Rabbi Aiello was born in Pittsburgh and currently serves as rabbi for a Jewish seniors home in Sarasota, Fla. She spends much of the summer in Italy, where as “a daughter of Calabria,” she assists people in southern Italy reclaim their Jewish roots.

It’s a little-known fact that prior to the Inquisition 500 years ago, as much as 40 per cent of the population of Sicily and Calabria – the toe of the Italian boot – were Jews, Rabbi Aiello said in a telephone interview. They were involved in commerce, particularly the silk trade, as well as in selling leather goods, bamboo and paper.

At the time, Sicily as well as southern Italy up to Naples was part of the kingdom of Spain.

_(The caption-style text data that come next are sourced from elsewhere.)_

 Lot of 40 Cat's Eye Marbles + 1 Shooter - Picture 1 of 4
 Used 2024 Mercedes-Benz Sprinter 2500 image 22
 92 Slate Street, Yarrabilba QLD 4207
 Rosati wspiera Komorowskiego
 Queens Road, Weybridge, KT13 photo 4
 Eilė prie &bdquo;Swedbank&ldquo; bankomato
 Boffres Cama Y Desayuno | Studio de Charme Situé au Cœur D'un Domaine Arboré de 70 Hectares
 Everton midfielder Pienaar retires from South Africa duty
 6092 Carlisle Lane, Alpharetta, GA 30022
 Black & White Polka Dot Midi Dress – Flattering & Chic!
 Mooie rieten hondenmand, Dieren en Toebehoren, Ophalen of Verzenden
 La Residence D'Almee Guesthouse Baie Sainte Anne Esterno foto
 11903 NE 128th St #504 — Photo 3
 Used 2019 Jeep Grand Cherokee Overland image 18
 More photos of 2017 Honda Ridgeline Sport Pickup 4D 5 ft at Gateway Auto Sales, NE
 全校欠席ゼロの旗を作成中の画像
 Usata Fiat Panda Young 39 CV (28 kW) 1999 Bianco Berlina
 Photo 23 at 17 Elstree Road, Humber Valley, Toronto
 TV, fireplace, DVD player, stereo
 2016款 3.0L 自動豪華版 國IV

When the order came for Jews to convert or leave Spain, many escaped to southern Italy, which already may have been as much as 40 per cent Jewish. When the Inquisition reached that region, some moved to isolated villages in the mountains, where they could live in safety as hidden Jews, or anusim, literally the lost ones.

Her own family, she pointed out, lived in a town established in the mountains by five Jewish families generations ago.

Jews remained hidden for generations. Her family never became Catholic and did not abandon Judaism. Her great-grandfather travelled to Montreal a few times. She speculates he did so to study Judaism and bring back the knowledge to his community.

When they finally moved to the United States, her father was stunned to see Jews openly practise their faith, she said.

As she explored her Calabrian roots, Rabbi Aiello, Italy’s first female rabbi, found examples of Jewish traditions everywhere. She found low chairs used when sitting in mourning for the departed. She found people, without knowing why, discarding an egg if it had a red spot, according to the rules of kashrut. She found people lighting candles on Friday night (her own grandmother, even in the United States, would only light them secretly in the cellar). She found mothers tying red strings to babies’ cribs.

Rabbi Aiello said that during her sojourns in Italy, people constantly approach her with stories indicating their Jewish roots. One woman told her of her grandmother who on her deathbed said she did not wish a rosary or a priest because she was Jewish.

That revelation surprised her family, Rabbi Aiello said.

“A young man brought me a yad [a pointing device shaped like a hand that’s used when reading the Torah] and said his grandfather gave it to him. ‘What is it? I thought it might be Jewish,’” she recounted him saying.

Rabbi Aiello said she helps Italians who wish to reconnect with their Jewish past. Sinagoga Ner Tamid del Sud (Synagogue of the Eternal Light of the South), the first active synagogue in Calabria and Sicily in 500 years, was opened in 2007 in Serrastretta, her family’s home in Calabria.

At a bar mitzvah service this past July, “people came from mountain towns and I was mobbed. I spoke, the mayor spoke saying he was so grateful for the Jews to return.”

So far, 53 people have converted back to Judaism.

One instance of a mass conversion to Judaism took place during World War II and is highlighted in a film that will air on the CBC Documentary Channel on Nov. 18.

Titled The Mystery of San Nicandro, the documentary tells the story of a group of Roman Catholics who converted to Judaism in fascist Italy. In 1949, 80 of them moved to Israel.

Their descendants who remained in San Nicandro underwent formal conversion in 2011.

Vanessa Dylyn, producer of the documentary, said during her visit to Italy, “I found quite a revival of Judaism in Calabria and Sicily, where there had not been a synagogue in 500 years.”

North Americans of Italian origin are “looking at their Jewish roots,” she said. Some of them are Canadians and one, a woman from Hamilton, is featured prominently in the film.

Rabbi Aiello said hundreds of Calabrians and Sicilians have approached her in recent years, suspecting they are descended from Jews and eager to learn more about their heritage.

“I help them reclaim their Jewish roots taken by the Inquisition,” she said.